# Optimization & Resource Detection
This document describes the runtime optimization and resource-detection features added to domin8.
## Overview
- `domin8.resources` provides functions for detecting CPU cores, process affinity, and GPUs.
- `domin8.config.OptimizationConfig` exposes repo-level tuning parameters in `config/optimization.toml` or `config/optimization.json`.
- `domin8.tools.import_graph` uses process-based parallelism to speed up repository indexing when enabled.
## Configuration
You can add `config/optimization.json` to the repository with the following options:
- `enable_parallel_indexing` (bool, default true): Run index builds and test-reference checks in parallel.
- `max_workers` (int or null): Number of worker processes to use. If `null`, auto-detected from CPU affinity or number of CPUs.
- `chunksize` (int): Chunk size used by some parallel operations (currently not widely used, default 1).
- `maxtasksperchild` (int or null): If provided, passed to process pool implementations for worker recycling.
- `use_gpu_auto` (bool, default true): Attempt to enable GPU-backed ML acceleration if a GPU is detected.
- `auto_install_deps` (bool, default false): When true and a GPU is present, the MCP server will attempt to install user-specified ML packages via `uv add --upgrade`.

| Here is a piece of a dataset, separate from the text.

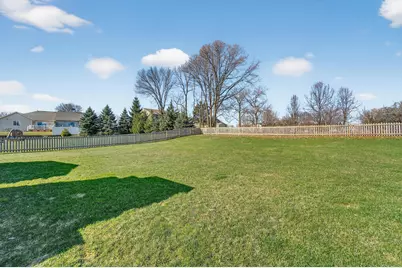 W199N17111  Ridgeway Dr, Jackson, WI 53037 - Photo 28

- `preferred_gpu_backend` (string or null): Preferred ML backend (e.g., "torch").
## Notes on GPU
GPU support is only relevant for ML-based components (e.g., ML classifiers used in heuristics). CPU-bound parsing and AST tasks are most effectively sped up via parallel CPU execution rather than GPUs.
Automatic dependency installation is opt-in and controlled via `auto_install_deps` and the MCP server configuration.